China’s securities watchdog issued 3.6 billion yuan of penalties over a case of insider trading by a Shanghainese entrepreneur and his daughter – an all-time record-high regulatory fine.
Wang Yaoyuan and his daughter Wang Chengcheng were fined 2.72 billion yuan ($380 million) for using inside information to build long positions on the shares of listed healthcare company Joincare Pharmaceutical Group. The two made a net gain of 906.4 million yuan ($128 million) which was also confiscated by the China Securities Regulatory Commission (CSRC).
According to the CSRC, the two had obtained insider information that Joincare’s second-largest shareholder Hongxinhang would transfer a 4.8 percent stake to units controlled by two major investors: Tencent founder Ma Huateng and ZhongAn chief executive Ou Yaping. The elder Wang obtained insider information in 2015 through Ou and the controller of Hongxinhang via phone calls and physical meetings.
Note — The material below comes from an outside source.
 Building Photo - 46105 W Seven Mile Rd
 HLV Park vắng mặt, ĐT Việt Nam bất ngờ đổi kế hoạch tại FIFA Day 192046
Neither Tencent’s Ma nor ZhongAn’s Ou was fined or reprimanded by the regulator.
More Regulatory Actions
China’s regulator has been increasingly active with issuing fines in a move viewed by onlookers as the end to the practice of immaterial penalties to further discourage unhealthy practices. Earlier this year, the People’s Bank of China imposed the first-ever fines of above 10 million yuan ($1.4 million) to China Minsheng Banking Corporation, China Everbright and Huatai Securities.
In the first quarter of 2020, the CSRC issued a total of 19 penalties accounting for a 35 percent year-on-year increase, involving mostly cases of insider trading, market manipulation and violation of disclosure rules.
The 3.6 billion yuan fine on the Wangs reportedly surpassed the former leading fine of 3.47 billion yuan issued against the ex-controller of Shanghai Duolun Industry over price manipulation and disclosure breaches.